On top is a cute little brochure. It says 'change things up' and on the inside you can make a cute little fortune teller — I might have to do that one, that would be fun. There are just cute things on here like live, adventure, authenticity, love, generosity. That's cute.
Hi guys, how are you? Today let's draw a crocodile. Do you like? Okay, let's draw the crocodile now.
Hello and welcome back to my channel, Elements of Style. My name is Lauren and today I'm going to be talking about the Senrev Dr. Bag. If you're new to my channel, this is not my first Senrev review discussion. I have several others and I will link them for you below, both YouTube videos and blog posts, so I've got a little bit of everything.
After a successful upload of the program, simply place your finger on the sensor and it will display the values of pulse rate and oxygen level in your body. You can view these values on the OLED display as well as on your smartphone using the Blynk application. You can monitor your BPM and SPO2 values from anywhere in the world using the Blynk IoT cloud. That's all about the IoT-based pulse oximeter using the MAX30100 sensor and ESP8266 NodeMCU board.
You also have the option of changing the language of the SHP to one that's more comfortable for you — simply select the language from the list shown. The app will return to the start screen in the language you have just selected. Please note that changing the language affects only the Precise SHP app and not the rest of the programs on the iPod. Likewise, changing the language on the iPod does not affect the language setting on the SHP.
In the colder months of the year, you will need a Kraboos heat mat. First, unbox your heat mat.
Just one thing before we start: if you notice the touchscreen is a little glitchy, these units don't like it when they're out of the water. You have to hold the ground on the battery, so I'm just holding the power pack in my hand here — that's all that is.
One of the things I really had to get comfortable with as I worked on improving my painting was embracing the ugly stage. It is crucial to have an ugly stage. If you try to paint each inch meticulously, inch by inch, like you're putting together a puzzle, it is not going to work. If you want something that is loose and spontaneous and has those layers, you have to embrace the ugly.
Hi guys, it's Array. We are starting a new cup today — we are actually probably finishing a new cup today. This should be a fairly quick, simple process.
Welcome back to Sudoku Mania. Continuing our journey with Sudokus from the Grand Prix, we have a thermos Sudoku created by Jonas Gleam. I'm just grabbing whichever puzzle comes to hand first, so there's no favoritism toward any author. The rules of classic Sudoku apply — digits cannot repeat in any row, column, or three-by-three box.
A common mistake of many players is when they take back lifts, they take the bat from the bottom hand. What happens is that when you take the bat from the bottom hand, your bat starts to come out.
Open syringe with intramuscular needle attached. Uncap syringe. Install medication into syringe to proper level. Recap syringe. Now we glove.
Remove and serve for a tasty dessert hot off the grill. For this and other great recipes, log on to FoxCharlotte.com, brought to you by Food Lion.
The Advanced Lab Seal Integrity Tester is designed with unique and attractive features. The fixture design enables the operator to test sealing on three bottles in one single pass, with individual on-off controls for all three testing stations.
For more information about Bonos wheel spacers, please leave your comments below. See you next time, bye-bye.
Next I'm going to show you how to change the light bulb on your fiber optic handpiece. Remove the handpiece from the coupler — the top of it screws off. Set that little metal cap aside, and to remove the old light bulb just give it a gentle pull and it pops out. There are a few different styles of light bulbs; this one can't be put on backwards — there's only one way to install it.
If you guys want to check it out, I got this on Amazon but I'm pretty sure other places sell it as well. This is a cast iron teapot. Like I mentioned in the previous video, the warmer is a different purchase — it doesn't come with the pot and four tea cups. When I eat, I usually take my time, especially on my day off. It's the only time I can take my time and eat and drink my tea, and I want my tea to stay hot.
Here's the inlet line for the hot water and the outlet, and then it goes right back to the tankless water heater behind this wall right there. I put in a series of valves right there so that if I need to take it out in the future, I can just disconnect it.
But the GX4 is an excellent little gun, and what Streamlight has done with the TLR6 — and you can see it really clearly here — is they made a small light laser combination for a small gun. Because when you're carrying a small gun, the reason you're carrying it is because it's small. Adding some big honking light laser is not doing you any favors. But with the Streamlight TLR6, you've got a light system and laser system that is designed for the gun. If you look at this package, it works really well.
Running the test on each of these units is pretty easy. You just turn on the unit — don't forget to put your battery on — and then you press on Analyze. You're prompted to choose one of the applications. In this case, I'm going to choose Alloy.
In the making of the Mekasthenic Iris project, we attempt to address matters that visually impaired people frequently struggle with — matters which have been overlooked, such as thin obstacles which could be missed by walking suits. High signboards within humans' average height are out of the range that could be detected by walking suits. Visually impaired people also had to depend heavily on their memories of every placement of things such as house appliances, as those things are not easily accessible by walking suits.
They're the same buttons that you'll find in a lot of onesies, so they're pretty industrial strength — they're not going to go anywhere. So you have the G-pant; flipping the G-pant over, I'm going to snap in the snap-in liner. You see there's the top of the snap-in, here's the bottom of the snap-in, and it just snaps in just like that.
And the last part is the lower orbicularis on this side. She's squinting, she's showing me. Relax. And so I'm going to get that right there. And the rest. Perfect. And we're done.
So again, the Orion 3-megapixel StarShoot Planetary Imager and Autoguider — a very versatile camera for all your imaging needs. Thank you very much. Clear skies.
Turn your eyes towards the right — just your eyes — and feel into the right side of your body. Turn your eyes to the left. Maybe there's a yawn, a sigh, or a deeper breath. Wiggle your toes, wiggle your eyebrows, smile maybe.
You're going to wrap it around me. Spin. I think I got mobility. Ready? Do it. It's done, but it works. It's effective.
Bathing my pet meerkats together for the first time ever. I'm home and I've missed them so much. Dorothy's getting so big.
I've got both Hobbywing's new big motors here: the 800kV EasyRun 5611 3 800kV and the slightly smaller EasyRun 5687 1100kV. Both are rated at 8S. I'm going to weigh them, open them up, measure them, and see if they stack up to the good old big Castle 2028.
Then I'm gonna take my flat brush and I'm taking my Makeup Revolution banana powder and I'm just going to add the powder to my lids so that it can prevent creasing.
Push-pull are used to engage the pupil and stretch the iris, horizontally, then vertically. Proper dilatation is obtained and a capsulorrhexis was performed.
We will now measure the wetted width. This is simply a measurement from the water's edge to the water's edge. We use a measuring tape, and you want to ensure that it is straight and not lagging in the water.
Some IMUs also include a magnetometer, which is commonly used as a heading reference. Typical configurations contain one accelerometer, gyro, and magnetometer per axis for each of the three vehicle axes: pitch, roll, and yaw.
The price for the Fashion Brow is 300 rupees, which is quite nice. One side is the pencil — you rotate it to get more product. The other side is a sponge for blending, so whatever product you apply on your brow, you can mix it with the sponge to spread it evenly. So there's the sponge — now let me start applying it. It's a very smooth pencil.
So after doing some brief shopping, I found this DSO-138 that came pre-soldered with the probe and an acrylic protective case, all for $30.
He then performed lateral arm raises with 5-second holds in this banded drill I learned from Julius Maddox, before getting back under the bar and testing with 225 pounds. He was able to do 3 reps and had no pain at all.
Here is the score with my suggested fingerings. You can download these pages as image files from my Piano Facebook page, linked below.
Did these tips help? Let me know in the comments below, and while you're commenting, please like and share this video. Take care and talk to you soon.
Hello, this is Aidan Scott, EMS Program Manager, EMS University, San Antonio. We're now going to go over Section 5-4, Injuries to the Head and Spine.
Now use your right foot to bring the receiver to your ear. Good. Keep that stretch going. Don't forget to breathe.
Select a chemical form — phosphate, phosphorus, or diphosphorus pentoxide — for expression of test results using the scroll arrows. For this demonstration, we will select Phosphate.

--------------------------------------------------

▶ Directions: Repeat all of the material above exactly, with no line dropped.

▶ Answer to this exercise:
On top is a cute little brochure. It says 'change things up' and on the inside you can make a cute little fortune teller — I might have to do that one, that would be fun. There are just cute things on here like live, adventure, authenticity, love, generosity. That's cute.
Hi guys, how are you? Today let's draw a crocodile. Do you like? Okay, let's draw the crocodile now.
Hello and welcome back to my channel, Elements of Style. My name is Lauren and today I'm going to be talking about the Senrev Dr. Bag. If you're new to my channel, this is not my first Senrev review discussion. I have several others and I will link them for you below, both YouTube videos and blog posts, so I've got a little bit of everything.
After a successful upload of the program, simply place your finger on the sensor and it will display the values of pulse rate and oxygen level in your body. You can view these values on the OLED display as well as on your smartphone using the Blynk application. You can monitor your BPM and SPO2 values from anywhere in the world using the Blynk IoT cloud. That's all about the IoT-based pulse oximeter using the MAX30100 sensor and ESP8266 NodeMCU board.
You also have the option of changing the language of the SHP to one that's more comfortable for you — simply select the language from the list shown. The app will return to the start screen in the language you have just selected. Please note that changing the language affects only the Precise SHP app and not the rest of the programs on the iPod. Likewise, changing the language on the iPod does not affect the language setting on the SHP.
In the colder months of the year, you will need a Kraboos heat mat. First, unbox your heat mat.
Just one thing before we start: if you notice the touchscreen is a little glitchy, these units don't like it when they're out of the water. You have to hold the ground on the battery, so I'm just holding the power pack in my hand here — that's all that is.
One of the things I really had to get comfortable with as I worked on improving my painting was embracing the ugly stage. It is crucial to have an ugly stage. If you try to paint each inch meticulously, inch by inch, like you're putting together a puzzle, it is not going to work. If you want something that is loose and spontaneous and has those layers, you have to embrace the ugly.
Hi guys, it's Array. We are starting a new cup today — we are actually probably finishing a new cup today. This should be a fairly quick, simple process.
Welcome back to Sudoku Mania. Continuing our journey with Sudokus from the Grand Prix, we have a thermos Sudoku created by Jonas Gleam. I'm just grabbing whichever puzzle comes to hand first, so there's no favoritism toward any author. The rules of classic Sudoku apply — digits cannot repeat in any row, column, or three-by-three box.
A common mistake of many players is when they take back lifts, they take the bat from the bottom hand. What happens is that when you take the bat from the bottom hand, your bat starts to come out.
Open syringe with intramuscular needle attached. Uncap syringe. Install medication into syringe to proper level. Recap syringe. Now we glove.
Remove and serve for a tasty dessert hot off the grill. For this and other great recipes, log on to FoxCharlotte.com, brought to you by Food Lion.
The Advanced Lab Seal Integrity Tester is designed with unique and attractive features. The fixture design enables the operator to test sealing on three bottles in one single pass, with individual on-off controls for all three testing stations.
For more information about Bonos wheel spacers, please leave your comments below. See you next time, bye-bye.
Next I'm going to show you how to change the light bulb on your fiber optic handpiece. Remove the handpiece from the coupler — the top of it screws off. Set that little metal cap aside, and to remove the old light bulb just give it a gentle pull and it pops out. There are a few different styles of light bulbs; this one can't be put on backwards — there's only one way to install it.
If you guys want to check it out, I got this on Amazon but I'm pretty sure other places sell it as well. This is a cast iron teapot. Like I mentioned in the previous video, the warmer is a different purchase — it doesn't come with the pot and four tea cups. When I eat, I usually take my time, especially on my day off. It's the only time I can take my time and eat and drink my tea, and I want my tea to stay hot.
Here's the inlet line for the hot water and the outlet, and then it goes right back to the tankless water heater behind this wall right there. I put in a series of valves right there so that if I need to take it out in the future, I can just disconnect it.
But the GX4 is an excellent little gun, and what Streamlight has done with the TLR6 — and you can see it really clearly here — is they made a small light laser combination for a small gun. Because when you're carrying a small gun, the reason you're carrying it is because it's small. Adding some big honking light laser is not doing you any favors. But with the Streamlight TLR6, you've got a light system and laser system that is designed for the gun. If you look at this package, it works really well.
Running the test on each of these units is pretty easy. You just turn on the unit — don't forget to put your battery on — and then you press on Analyze. You're prompted to choose one of the applications. In this case, I'm going to choose Alloy.
In the making of the Mekasthenic Iris project, we attempt to address matters that visually impaired people frequently struggle with — matters which have been overlooked, such as thin obstacles which could be missed by walking suits. High signboards within humans' average height are out of the range that could be detected by walking suits. Visually impaired people also had to depend heavily on their memories of every placement of things such as house appliances, as those things are not easily accessible by walking suits.
They're the same buttons that you'll find in a lot of onesies, so they're pretty industrial strength — they're not going to go anywhere. So you have the G-pant; flipping the G-pant over, I'm going to snap in the snap-in liner. You see there's the top of the snap-in, here's the bottom of the snap-in, and it just snaps in just like that.
And the last part is the lower orbicularis on this side. She's squinting, she's showing me. Relax. And so I'm going to get that right there. And the rest. Perfect. And we're done.
So again, the Orion 3-megapixel StarShoot Planetary Imager and Autoguider — a very versatile camera for all your imaging needs. Thank you very much. Clear skies.
Turn your eyes towards the right — just your eyes — and feel into the right side of your body. Turn your eyes to the left. Maybe there's a yawn, a sigh, or a deeper breath. Wiggle your toes, wiggle your eyebrows, smile maybe.
You're going to wrap it around me. Spin. I think I got mobility. Ready? Do it. It's done, but it works. It's effective.
Bathing my pet meerkats together for the first time ever. I'm home and I've missed them so much. Dorothy's getting so big.
I've got both Hobbywing's new big motors here: the 800kV EasyRun 5611 3 800kV and the slightly smaller EasyRun 5687 1100kV. Both are rated at 8S. I'm going to weigh them, open them up, measure them, and see if they stack up to the good old big Castle 2028.
Then I'm gonna take my flat brush and I'm taking my Makeup Revolution banana powder and I'm just going to add the powder to my lids so that it can prevent creasing.
Push-pull are used to engage the pupil and stretch the iris, horizontally, then vertically. Proper dilatation is obtained and a capsulorrhexis was performed.
We will now measure the wetted width. This is simply a measurement from the water's edge to the water's edge. We use a measuring tape, and you want to ensure that it is straight and not lagging in the water.
Some IMUs also include a magnetometer, which is commonly used as a heading reference. Typical configurations contain one accelerometer, gyro, and magnetometer per axis for each of the three vehicle axes: pitch, roll, and yaw.
The price for the Fashion Brow is 300 rupees, which is quite nice. One side is the pencil — you rotate it to get more product. The other side is a sponge for blending, so whatever product you apply on your brow, you can mix it with the sponge to spread it evenly. So there's the sponge — now let me start applying it. It's a very smooth pencil.
So after doing some brief shopping, I found this DSO-138 that came pre-soldered with the probe and an acrylic protective case, all for $30.
He then performed lateral arm raises with 5-second holds in this banded drill I learned from Julius Maddox, before getting back under the bar and testing with 225 pounds. He was able to do 3 reps and had no pain at all.
Here is the score with my suggested fingerings. You can download these pages as image files from my Piano Facebook page, linked below.
Did these tips help? Let me know in the comments below, and while you're commenting, please like and share this video. Take care and talk to you soon.
Hello, this is Aidan Scott, EMS Program Manager, EMS University, San Antonio. We're now going to go over Section 5-4, Injuries to the Head and Spine.
Now use your right foot to bring the receiver to your ear. Good. Keep that stretch going. Don't forget to breathe.
Select a chemical form — phosphate, phosphorus, or diphosphorus pentoxide — for expression of test results using the scroll arrows. For this demonstration, we will select Phosphate.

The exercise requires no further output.